Entrevistado pelo site socialmercosul.org, o coordenador do Centro de Direitos Humanos e Cidadania do Imigrante (CEDIC), Paulo Illes é categórico: “as legislações nacionais não acompanham os acordos Migratórios do Mercosul”.

Indagado sobre a atual situação do Mercosul em termos de migração, ele lembra que estamos completando 10 anos do Acordo de Livre Trânsito e Residência para os nacionais dos Estados partes do Mercosul. Pelo acordo, são conferidos direitos iguais na esfera civil e trabalhista para todos os nacionais dos países membros.  Inicialmente, é concedido ao solicitante um documento temporário válido por dois anos, mas que pode ser transformado em permanente.  Tal acordo também é vigente para Bolívia, Peru e o Chile e está em processo de implementação junto a Colômbia e Equador. Venezuela, que integrou o bloco há pouco tempo, ainda não beneficia dos mesmos direitos. Para Paulo Illes estamos vivendo um momento de garantia da lei de residência em quase todos os Estados partes da Unasul.

Porém, segundo o entrevistado, apesar da residência provisória dar ao imigrante o direito de tirar carteira de trabalho ou abrir uma empresa em seu nome, a segunda etapa para renovar a permissão, depois dos dois anos iniciais de residência provisória, é cheia de obstáculos burocráticos. É necessária, por exemplo, dispor de uma comprovação de subsistência; o que para a maioria é muito difícil de obter. Já que a informalidade domina vários setores da economia nacional e acaba absorvendo uma parcela importante dos imigrantes recém-estabelecidos no Brasil. Assim, um número significante de empresários não consegue regularizar a sua situação no país e transformar seu visto temporário em permanente mesmo depois de vários anos de residência e trabalho no Brasil.

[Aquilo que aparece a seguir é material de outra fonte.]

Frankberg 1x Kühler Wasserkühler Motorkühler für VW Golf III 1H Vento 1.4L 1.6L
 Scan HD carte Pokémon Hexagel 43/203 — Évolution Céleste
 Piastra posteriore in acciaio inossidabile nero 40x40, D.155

Illes acredita que os termos do acordo do Mercosul para residência e livre trânsito são bastante avançados, comparados a outras uniões como a europeia. Mas, segundo ele, infelizmente as legislações dos países membros não acompanham esse processo. No Brasil especificamente, o Estatuto do Estrangeiro é extremamente discriminativo, notadamente pelo fato de ser produto dos anos de chumbo, quando o estrangeiro era tratado como uma ameaça para a segurança nacional e. Neste quadro jurídico arcaico, marcado pelo autoritarismo e falta de democracia, toda a responsabilidade no tratamento ao migrante é da alçada da Polícia Federal. Como solução, o coordenador do CEDIC, ao exemplo de vários atores da sociedade civil, sugere a criação de um órgão civil de atendimento ao migrante, responsável pelos trâmites administrativos e as informações necessárias ou desejadas pelo candidato à imigração e/ou estabelecimento no país.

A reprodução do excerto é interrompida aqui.